(Collection entries)

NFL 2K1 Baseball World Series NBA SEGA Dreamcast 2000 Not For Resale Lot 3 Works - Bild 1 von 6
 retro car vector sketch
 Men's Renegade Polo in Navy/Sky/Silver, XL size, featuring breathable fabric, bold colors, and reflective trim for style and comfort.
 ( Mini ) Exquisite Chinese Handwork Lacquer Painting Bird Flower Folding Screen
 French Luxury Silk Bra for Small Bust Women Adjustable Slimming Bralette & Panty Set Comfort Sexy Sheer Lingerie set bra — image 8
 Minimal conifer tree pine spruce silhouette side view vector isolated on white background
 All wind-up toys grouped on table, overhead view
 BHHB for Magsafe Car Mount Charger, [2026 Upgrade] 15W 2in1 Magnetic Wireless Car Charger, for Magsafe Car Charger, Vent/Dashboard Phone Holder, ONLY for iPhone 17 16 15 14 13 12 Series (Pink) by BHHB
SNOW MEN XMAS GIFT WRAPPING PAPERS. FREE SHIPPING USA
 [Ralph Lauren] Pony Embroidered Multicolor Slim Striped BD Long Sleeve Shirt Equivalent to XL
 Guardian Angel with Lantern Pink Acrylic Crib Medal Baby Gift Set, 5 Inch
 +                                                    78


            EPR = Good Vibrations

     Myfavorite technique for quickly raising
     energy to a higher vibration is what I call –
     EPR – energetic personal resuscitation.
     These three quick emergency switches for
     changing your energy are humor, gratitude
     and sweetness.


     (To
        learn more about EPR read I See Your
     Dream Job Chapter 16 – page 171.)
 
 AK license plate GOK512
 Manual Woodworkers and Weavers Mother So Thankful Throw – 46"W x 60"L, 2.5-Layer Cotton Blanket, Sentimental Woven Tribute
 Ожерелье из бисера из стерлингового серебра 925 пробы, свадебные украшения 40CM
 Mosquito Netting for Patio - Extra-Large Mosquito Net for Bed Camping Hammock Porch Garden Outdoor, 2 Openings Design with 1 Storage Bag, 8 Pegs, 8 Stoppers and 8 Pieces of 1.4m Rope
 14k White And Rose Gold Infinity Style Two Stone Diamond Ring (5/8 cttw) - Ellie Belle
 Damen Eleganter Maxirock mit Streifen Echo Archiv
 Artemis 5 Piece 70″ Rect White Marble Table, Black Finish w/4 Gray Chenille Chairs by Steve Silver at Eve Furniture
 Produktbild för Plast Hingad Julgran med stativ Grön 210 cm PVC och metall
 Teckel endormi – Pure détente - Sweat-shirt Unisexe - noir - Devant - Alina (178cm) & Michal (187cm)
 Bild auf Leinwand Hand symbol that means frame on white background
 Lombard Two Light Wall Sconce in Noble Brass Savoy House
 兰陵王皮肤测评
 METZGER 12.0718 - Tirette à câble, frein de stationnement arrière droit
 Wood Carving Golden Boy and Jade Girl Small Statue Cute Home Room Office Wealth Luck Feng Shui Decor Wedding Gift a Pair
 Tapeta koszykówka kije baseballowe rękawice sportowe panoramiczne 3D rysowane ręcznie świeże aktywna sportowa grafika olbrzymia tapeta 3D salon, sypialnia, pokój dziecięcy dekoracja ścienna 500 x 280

- **TO DO**:
Only one stretch of the records above is wanted: the lines between the one holding "METZGER 12.0718 - Tirette" and the one holding "Wood Carving Golden", inclusive, reproduced exactly.

- **RESPONSE AREA**:
 METZGER 12.0718 - Tirette à câble, frein de stationnement arrière droit
 Wood Carving Golden Boy and Jade Girl Small Statue Cute Home Room Office Wealth Luck Feng Shui Decor Wedding Gift a Pair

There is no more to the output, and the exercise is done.